Directed by: Federico Fellini
Written by: Federico Fellini and Bernardino Zapponi
Starring: Martin Potter, Hiram Keller, Max Born
Available on: Amazon Prime, Criterion Blu-ray
I found Fellini’s Satyricon at about half-past midnight, alone in my parents’ living room with nothing but their Prime account and a deep sense of disgust at the world. It wasn’t what I’d planned to watch—something sick and stylish from Korea, maybe, or a philosophical slow-burn from Japan—but the title hooked me. Ten minutes in, I wasn’t just watching. I was somewhere else. Two hours later, I emerged as if from some hallucinatory rite, dazed and unsure if I still lived in a world with electric kettles and school assemblies.
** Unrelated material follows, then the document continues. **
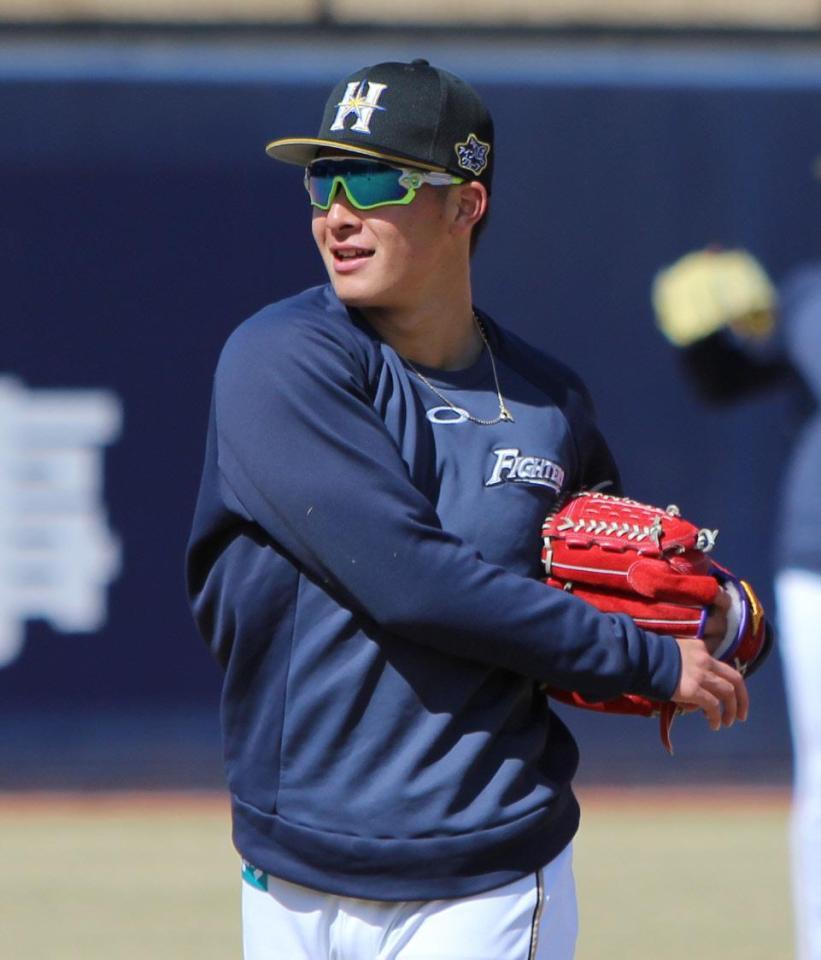 　練習で汗を流す吉田輝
This is not a film. It’s a vision. And not even a vision with a clear point—just an extended dive into a universe that has none. Satyricon is to Hollywood historical epics what syphilitic decay is to a marble bust: the same outlines, but twisted, collapsed, and humming with rot. There is no narrative arc, no redemption, and—mercifully—no moral lesson. Fellini took the fragmentary remains of Petronius’ Satyricon and leaned into their incompleteness. The film feels like a scroll half-burned, a text scribbled by madmen. You get glimpses of something coherent, and then it dissolves again into strange chants and half-lit corridors. The central pair—Encolpius and Ascyltus—wander aimlessly, bickering over a catamite, getting sold into slavery, crashing parties, surviving earthquakes, and stumbling through what might be death rituals or might be dinner. The world itself seems exhausted: Rome, not in its glory but in the terminal stage of its cultural syphilis.
Fellini isn’t interested in explaining anything. He doesn’t care if you’re confused. The viewer is simply there, dropped into a land where gods are dead, rituals are grotesque, and meaning has stopped trying to exist. It’s a move that’s almost libertarian in its cruelty: you’re on your own, mate. Figure it out. Or don’t.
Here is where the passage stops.